Rising insurance premiums have indeed led to record profits by insurance companies.  Triangle Business Journal reports that according to the Washington, D.C.-based Health Care for America Now, the five largest U.S. health insurance companies – including four of the five largest insurers in the Raleigh-Durham area – had a combined profit of $12.2 bilion in 2009.

The group said that was a 56 percent jump from 2008.

The companies are UnitedHealthGroup Inc., WellPoint Inc., Aetna Inc., Humana Inc. and Cigna Corp.

Joan Alker, co-executive director of the Center for Children and Families at Georgetown University in Washington D.C., is among those worried about the language. After learning of the administration’s comments Wednesday, she said, “It is clear they are looking at this, which is good, and it is a very complex and technical issue so I think at this point we will wait and see what happens.”
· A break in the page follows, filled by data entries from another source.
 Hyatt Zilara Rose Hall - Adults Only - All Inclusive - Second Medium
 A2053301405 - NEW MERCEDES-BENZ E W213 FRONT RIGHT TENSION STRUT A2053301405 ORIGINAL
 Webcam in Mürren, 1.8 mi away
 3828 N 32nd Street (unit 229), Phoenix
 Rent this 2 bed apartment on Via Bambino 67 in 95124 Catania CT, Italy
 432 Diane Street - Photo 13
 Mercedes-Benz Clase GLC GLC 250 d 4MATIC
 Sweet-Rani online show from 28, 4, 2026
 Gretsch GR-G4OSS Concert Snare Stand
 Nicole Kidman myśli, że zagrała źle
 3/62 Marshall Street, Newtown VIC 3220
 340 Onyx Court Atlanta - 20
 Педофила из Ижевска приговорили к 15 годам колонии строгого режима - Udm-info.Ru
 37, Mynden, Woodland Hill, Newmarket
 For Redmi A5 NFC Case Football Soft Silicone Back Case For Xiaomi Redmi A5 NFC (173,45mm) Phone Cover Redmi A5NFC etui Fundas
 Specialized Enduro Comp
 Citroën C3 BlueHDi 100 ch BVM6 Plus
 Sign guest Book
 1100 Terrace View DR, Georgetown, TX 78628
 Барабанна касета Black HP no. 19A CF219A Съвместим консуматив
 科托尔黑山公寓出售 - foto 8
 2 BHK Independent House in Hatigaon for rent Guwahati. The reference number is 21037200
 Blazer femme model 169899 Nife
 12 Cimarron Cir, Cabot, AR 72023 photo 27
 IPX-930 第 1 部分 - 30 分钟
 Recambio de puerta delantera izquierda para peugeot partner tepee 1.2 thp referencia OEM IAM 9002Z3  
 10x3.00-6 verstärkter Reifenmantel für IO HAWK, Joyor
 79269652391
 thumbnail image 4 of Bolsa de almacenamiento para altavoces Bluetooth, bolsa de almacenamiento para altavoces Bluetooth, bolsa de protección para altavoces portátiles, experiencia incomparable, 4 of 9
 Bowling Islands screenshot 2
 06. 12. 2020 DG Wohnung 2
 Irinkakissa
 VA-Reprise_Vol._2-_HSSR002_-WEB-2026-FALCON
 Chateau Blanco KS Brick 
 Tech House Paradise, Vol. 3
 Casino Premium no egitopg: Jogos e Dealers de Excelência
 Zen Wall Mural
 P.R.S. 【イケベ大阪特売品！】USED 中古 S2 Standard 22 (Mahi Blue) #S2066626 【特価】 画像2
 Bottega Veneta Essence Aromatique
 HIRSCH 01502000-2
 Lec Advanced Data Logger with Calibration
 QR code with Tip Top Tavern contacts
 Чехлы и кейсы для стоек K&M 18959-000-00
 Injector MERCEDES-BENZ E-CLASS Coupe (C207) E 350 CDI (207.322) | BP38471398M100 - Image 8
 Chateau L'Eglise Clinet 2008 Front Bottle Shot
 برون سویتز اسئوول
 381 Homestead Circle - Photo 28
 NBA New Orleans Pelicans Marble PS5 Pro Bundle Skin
KHN reports that “Parents whose kids are turned down by an insurer would still have a fallback under the law, even without a regulatory fix. They could seek coverage through an insurance pool for people who can’t obtain coverage. The federal government will support the pool with $5 billion.”

It’s not known how many children are currently denied coverage because of pre-existing conditions. But it’s a common complaint.